• [Task objective]: In the material below, find the line with "Keep Off Grass" and the line with "9 részes bézs". Output exactly those two lines and all lines between them, leaving out pictures.

• [Records shown]:
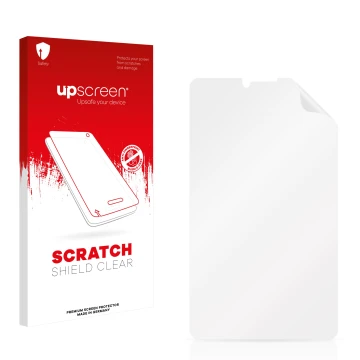 Front side of a product packaging with the brand logo upscreen. Next to it is the corresponding screen protector.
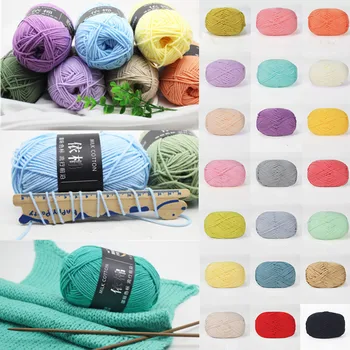 Многоцветни копринени конци Milk Cotton 4ply за плетене на пуловери, шапки за еднократна употреба, кукли, меки и топло бебешко прежди за ръчно плетиво, вълнена прежда за плетене на една кука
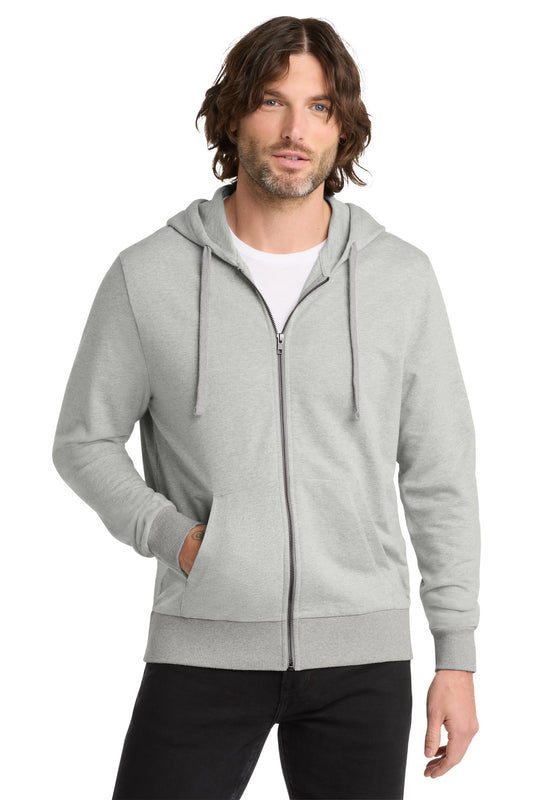 Front View of GrntGryHtr Allmade Unisex Organic French Terry Full-Zip Hoodie AL4002
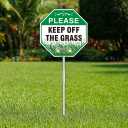Keep Off Grass Sign for Yard, 2 Pack- 10" W x 28" H All Aluminum Keep Off The Grass Signs with Stake- Stay Off Grass Sign- Don't Step On The Grass- No Dog Lawn Signage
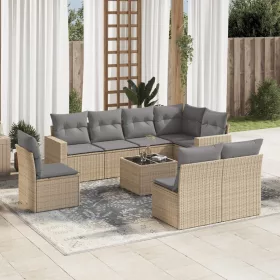    9 részes bézs polyrattan kerti ülőgarnitúra párnákkal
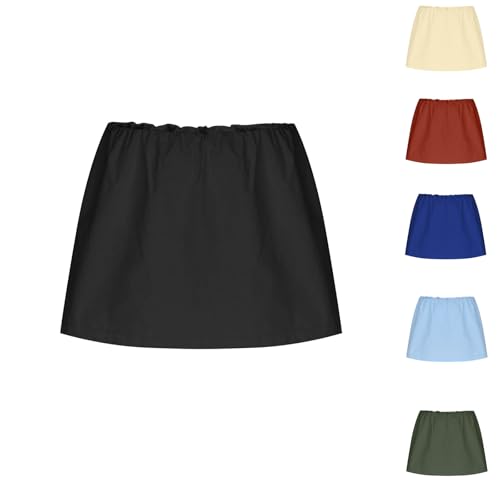 Women's Cotton Linen Skirt - A-Line Mini Skirt with Anti-Slip Liner, Casual Summer Short Skirt for Women, Elastic Waist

• [Response to this task]:
Keep Off Grass Sign for Yard, 2 Pack- 10" W x 28" H All Aluminum Keep Off The Grass Signs with Stake- Stay Off Grass Sign- Don't Step On The Grass- No Dog Lawn Signage
    9 részes bézs polyrattan kerti ülőgarnitúra párnákkal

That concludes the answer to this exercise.